St. Lawrence Lowlands Precipitation Data: 30-Year Trends Prediction
By Johanie Fournier, agr., M.Sc. in rstats tidymodels tidytuesday models viz
January 28, 2025
Understanding precipitation patterns in the St. Lawrence Lowlands is essential for climate analysis, agriculture, and water resource management. In the previous blog post, we conducted an exploratory data analysis (EDA) to uncover key trends, spatial distributions, and relationships within the dataset. This provided valuable insights into precipitation variability and guided feature selection for modeling.

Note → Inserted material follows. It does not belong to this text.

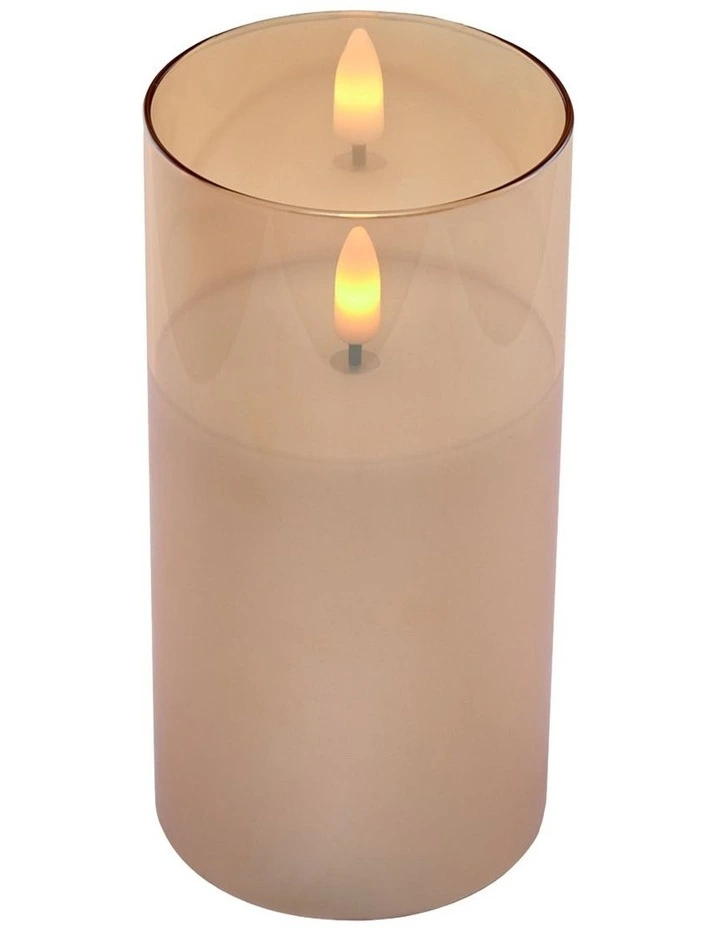 Let's Get Lit LED Flameless Wax Candle Glass Hurricane Set of 3 Gift Boxed in Gold image 2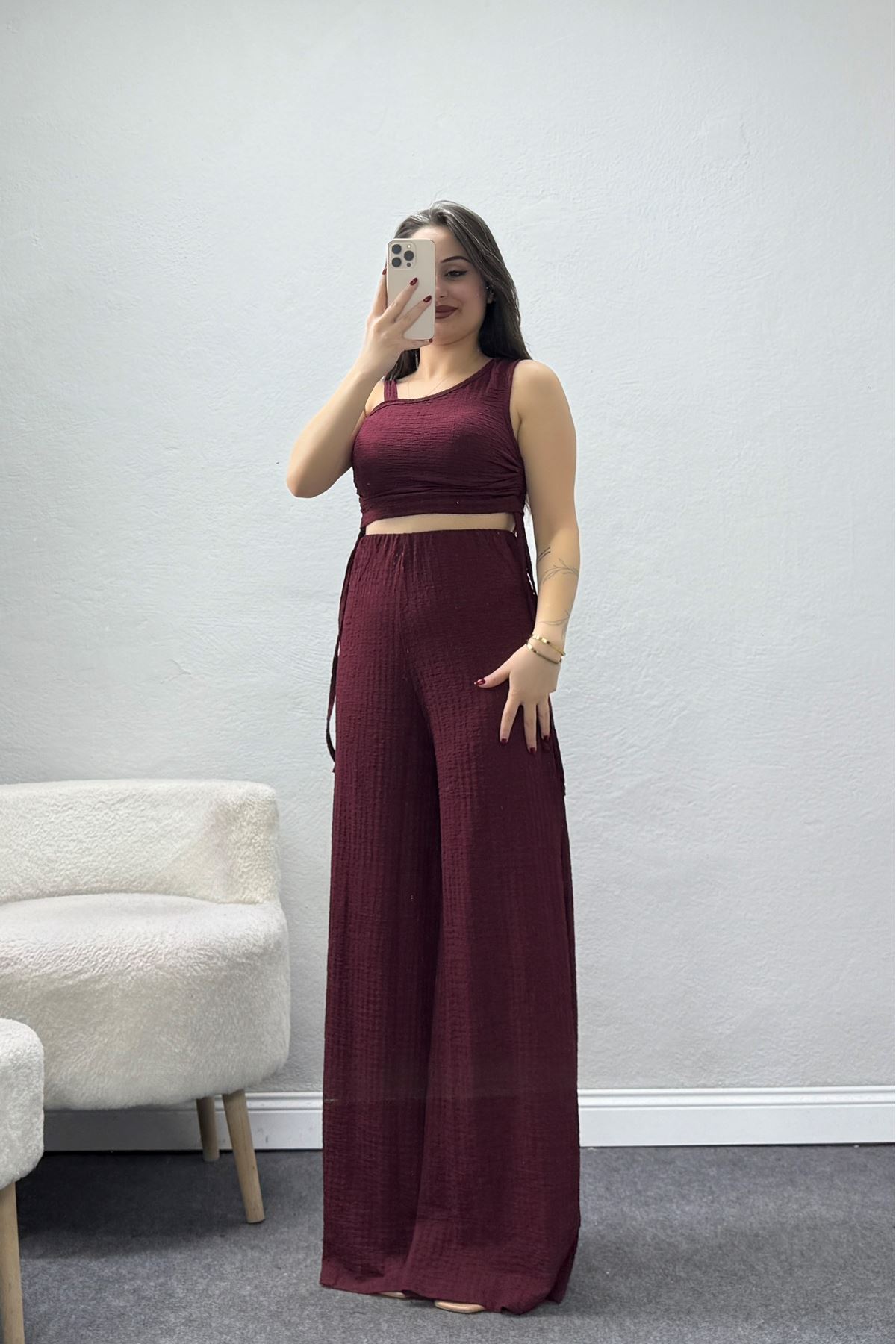 Bubble Büzgülü İkili Takım Bordo - 32242.1857.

Building on that foundation, this post explores machine learning approaches to predict precipitation using historical climate data. We will evaluate three models —Random Forest (RF), XGBoost, and and Mars- to determine their effectiveness in capturing complex climate patterns. Using cross-validation and standard regression metrics, we will compare model performance and identify the most suitable approach for precipitation prediction in this region.
Data Preprocessing
The first step here is to load the data and preprocess it for modeling. We will extract relevant features and create a spatial weights matrix.
Load the data
precipitation_data <- readRDS("Data/precipitation_dt.rds") |>
select(shapeName, date, mean)
head(precipitation_data)
# A tibble: 6 × 3
shapeName date mean
<chr> <chr> <dbl>
1 Abitibi-Témiscamingue 1993-01-01 258.
2 Abitibi-Témiscamingue 1993-02-01 255.
3 Abitibi-Témiscamingue 1993-03-01 266.
4 Abitibi-Témiscamingue 1993-04-01 275.
5 Abitibi-Témiscamingue 1993-05-01 283.
6 Abitibi-Témiscamingue 1993-06-01 287.
Create a Spatial Weights Matrix
We need some spatial information extracted from the coordinate to put into the temporal model. We will use the GPS coordinates to create a k-nearest neighbors spatial weights matrix. This matrix will be used as spatial information of the observed emissions, which will be used as a predictor in the machine learning models.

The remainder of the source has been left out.